(Items from a data source)
_ _ _ _ _ _ _
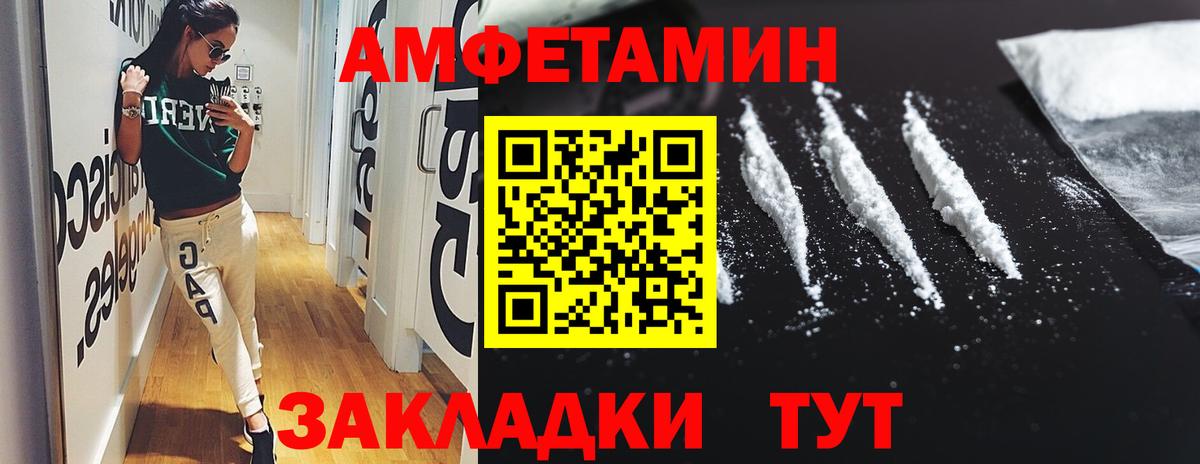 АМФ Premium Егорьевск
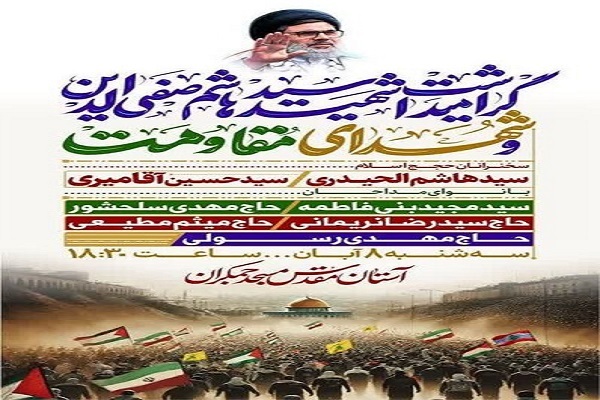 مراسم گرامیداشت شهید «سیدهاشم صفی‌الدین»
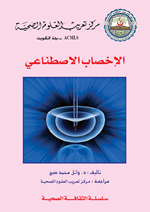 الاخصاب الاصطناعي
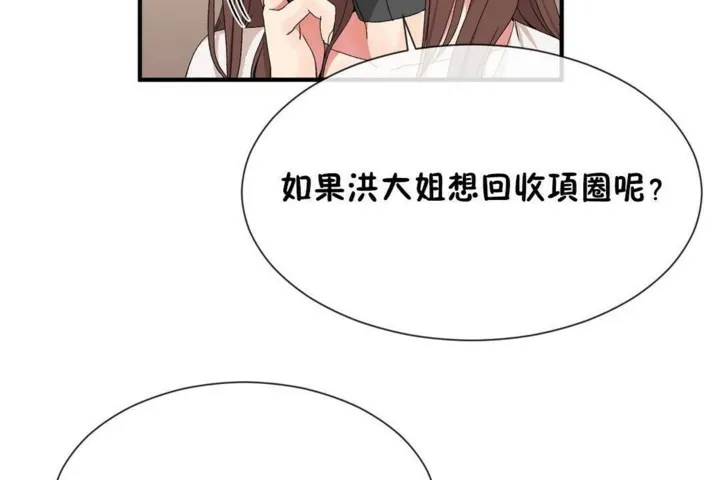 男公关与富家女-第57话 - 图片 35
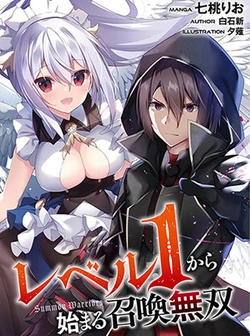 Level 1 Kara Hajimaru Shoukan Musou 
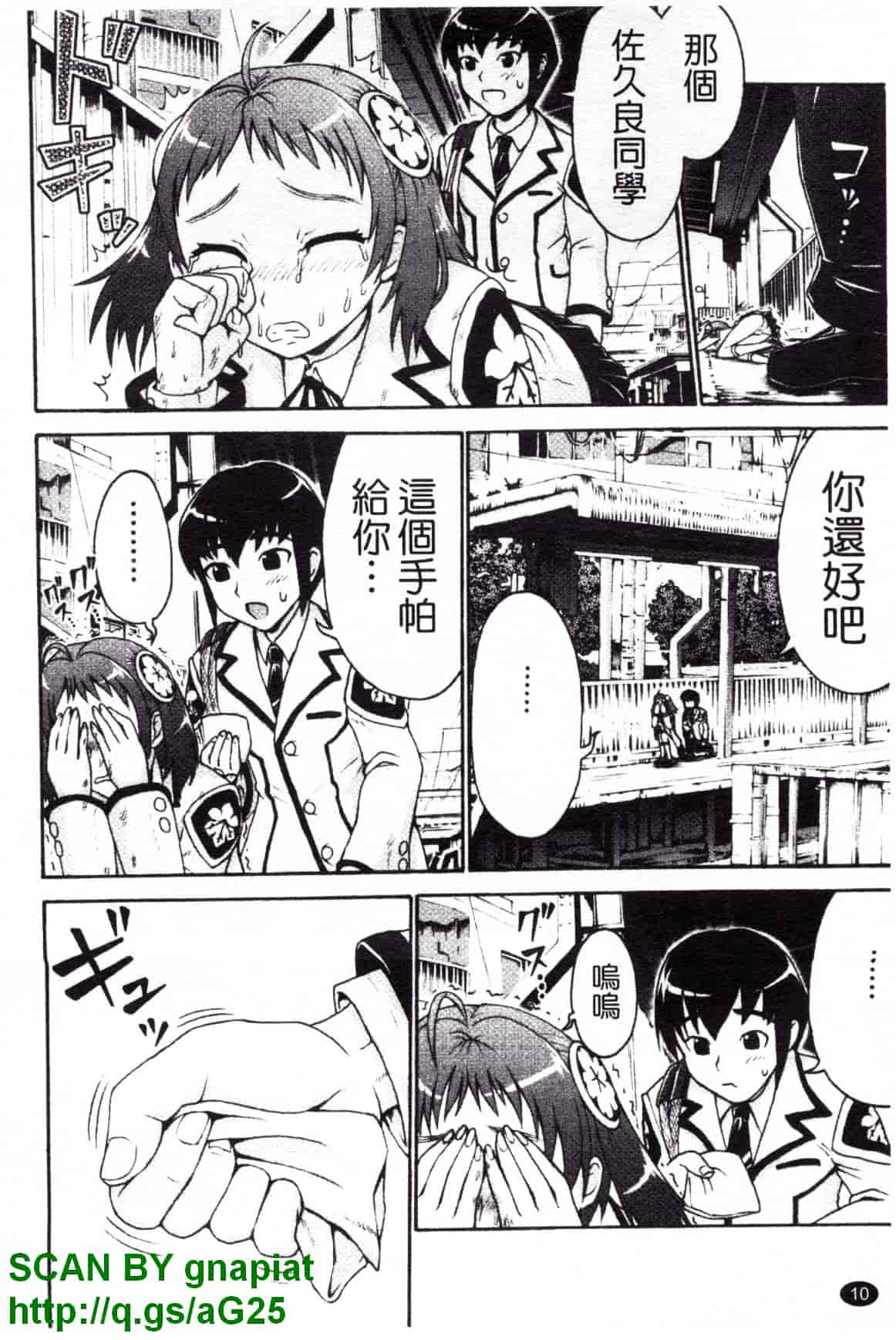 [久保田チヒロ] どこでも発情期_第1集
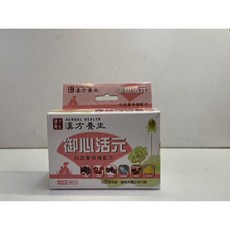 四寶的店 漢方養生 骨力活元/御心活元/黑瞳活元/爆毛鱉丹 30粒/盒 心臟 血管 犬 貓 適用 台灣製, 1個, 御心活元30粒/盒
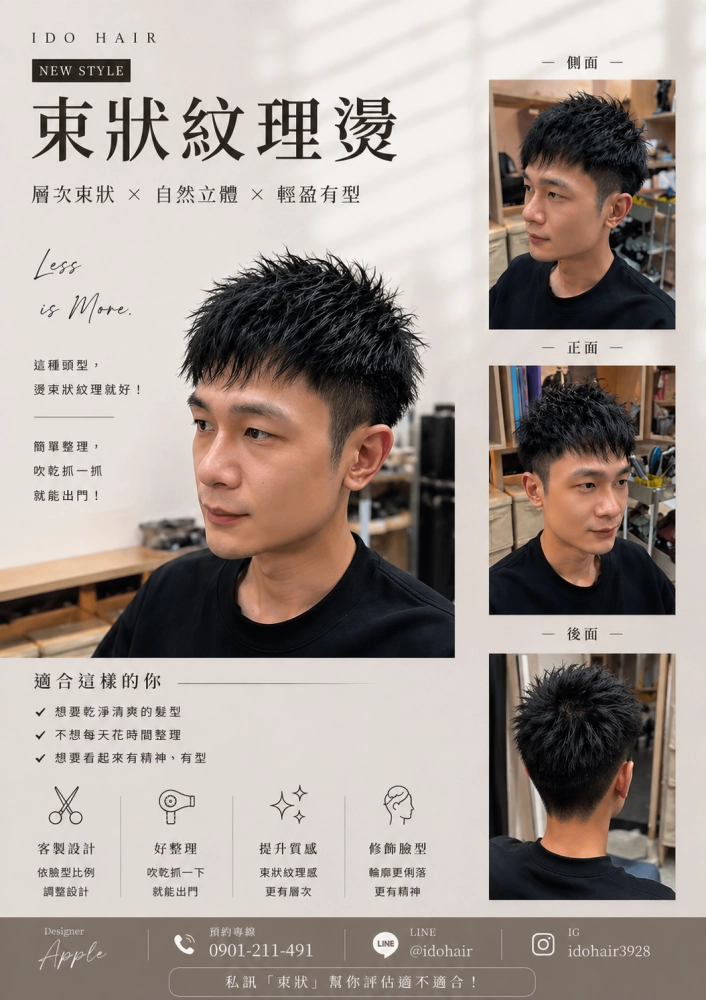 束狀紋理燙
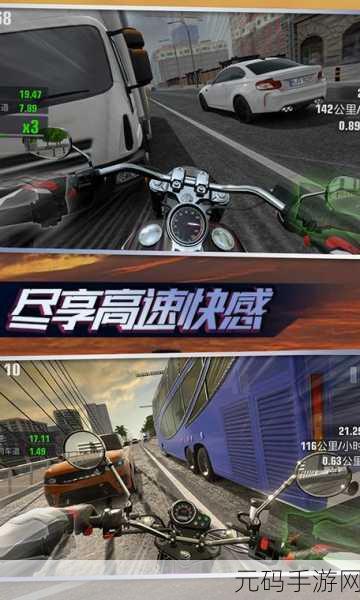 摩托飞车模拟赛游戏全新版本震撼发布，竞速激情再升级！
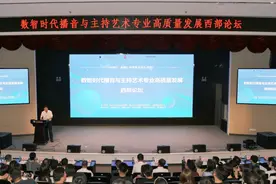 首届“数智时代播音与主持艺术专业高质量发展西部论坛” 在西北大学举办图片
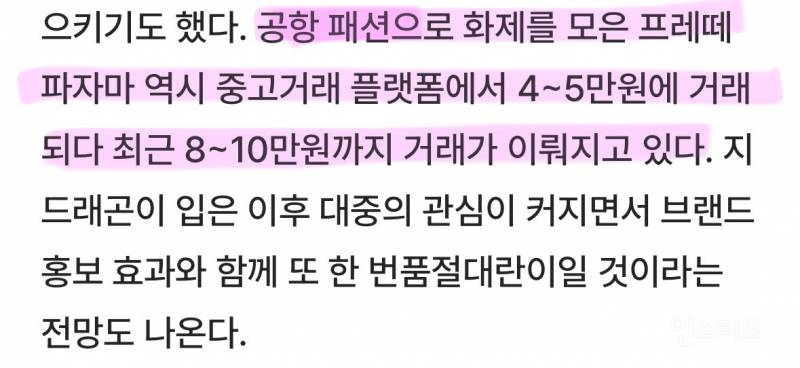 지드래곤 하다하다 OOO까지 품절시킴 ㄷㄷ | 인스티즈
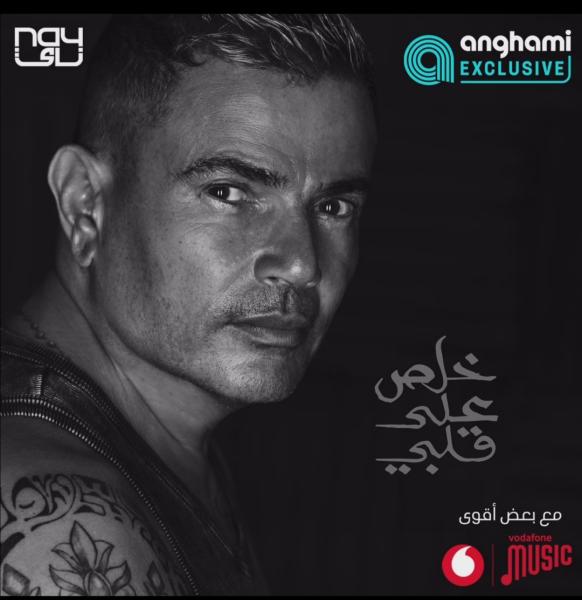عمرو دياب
_ _ _ _ _ _ _
You need to copy every entry exactly, taking out only the pictures.

 АМФ Premium Егорьевск
 مراسم گرامیداشت شهید «سیدهاشم صفی‌الدین»
 الاخصاب الاصطناعي
 男公关与富家女-第57话 - 图片 35
 Level 1 Kara Hajimaru Shoukan Musou 
 [久保田チヒロ] どこでも発情期_第1集
 四寶的店 漢方養生 骨力活元/御心活元/黑瞳活元/爆毛鱉丹 30粒/盒 心臟 血管 犬 貓 適用 台灣製, 1個, 御心活元30粒/盒
 束狀紋理燙
 摩托飞车模拟赛游戏全新版本震撼发布，竞速激情再升级！
 首届“数智时代播音与主持艺术专业高质量发展西部论坛” 在西北大学举办图片
 지드래곤 하다하다 OOO까지 품절시킴 ㄷㄷ | 인스티즈
عمرو دياب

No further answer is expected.